Avant la Révolution, la terre de Dierre dépendait à la fois de l’élection et du grand doyenné d’Amboise et du grand-archidiaconé de Tours (Carré de Busserolle 1879, p. 466). Aujourd’hui située dans l’arrondissement de Tours, la commune abrite l’église paroissiale Saint-Médard, construite au début du XIIe siècle puis agrandie aux XVe et XVIe siècles. Formée d’une nef romane à trois travées terminée par un chevet couvert d’une voûte sur croisée d’ogives, l’église est flanquée au sud d’un collatéral également vouté sur croisée d’ogives datant du XVe siècle. Au XVIe siècle, le collatéral nord est ajouté ainsi que la tour carrée mais les voûtes n’ont jamais été construites. L’ensemble de l’édifice reçut la bénédiction de Martin de Beaune, archevêque de Tours, en 1523 et les portes des bas-côtés furent refaites dans un style Renaissance en 1542 grâce à une donation de François Ier (Bosseboeuf 1900, p. 278). Restaurée grâce à une donation de la reine mère Elisabeth d’Angleterre, mère de la reine Elisabeth II, suite à sa visite à Dierre en 1963 (Tourainissime), l’église a été classée aux Monuments historiques en 1965 (base POP).

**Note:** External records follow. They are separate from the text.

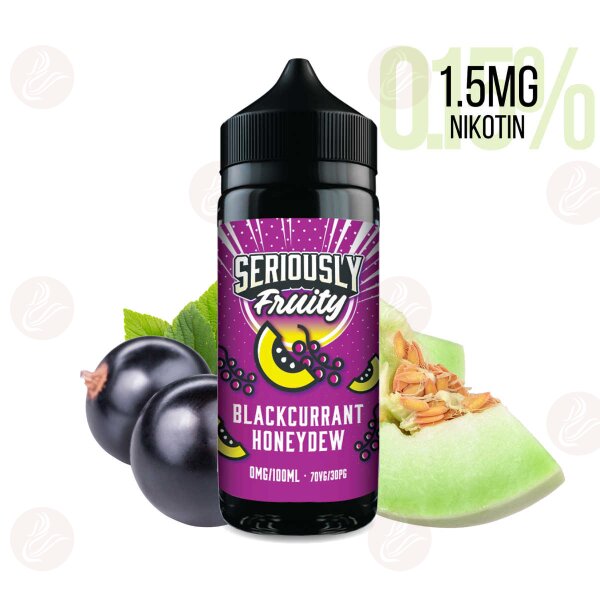DOOZY VAPE - Seriously Fruity - Shortfill 120ml  Blackcurrant Honeydew 1.5mg/ml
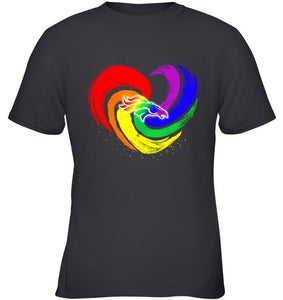 Denver Broncos lgbt tornado heart shirt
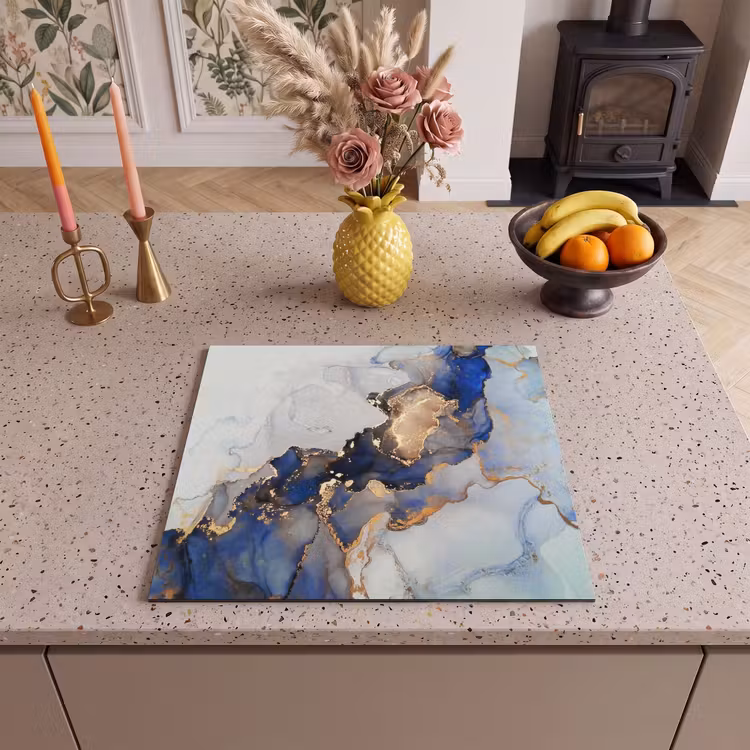 Protezione piano induzione - Sogni blu e vene d'oro — 3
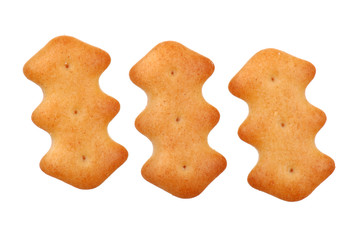 Background from cookies on white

Dierre, église Saint-Médard, bas-côté sud.
À son intérieur, l’église présente plusieurs éléments héraldiques, déployés uniquement dans le bas-côté sud. Sur la clef de voûte de la première travée est sculptée l’image d’un bœuf accompagné d’un couteau, d’un couperet et d’un fusil à aiguiser qui a été identifiée comme étant les armoiries de la corporation des bouchers d’Amboise par l’érudit Jacques-Xavier Carré de Busserolle (1879, p. 467 ; Ranjard 1986, p. 348) (armoirie 1). Si le peu de sources conservées sur les corporations tourangelles au Moyen Âge ne nous ne permettent pas de vérifier cette attribution, nous devons tout de même rappeler que les associations de métiers de la ville de Tours avaient leurs propres armoiries dès le XVe siècle. À titre d’exemple, la corporation des bouchers de Tours portait, en 1491, d’azur, à un saint Eutrope d’or et un berger gardant des moutons de même (Chauvigné 1885, p. 18). L’importance des corporations à Amboise, résidence royale profitant du rayonnement de Tours, était relativement considérable du fait du lien étroit que la ville entretenait avec la royauté et de la haute bourgeoisie marchande qui participait à la réussite économique de la ville. Depuis le XIIIe siècle, les bouchers d’Amboise s’étaient réunis en un quartier situé le long du cours de l’Amasse et étaient, avec les tanneurs, l’une des corporations les plus prospères de la ville (Gaugain 2014, p. 326).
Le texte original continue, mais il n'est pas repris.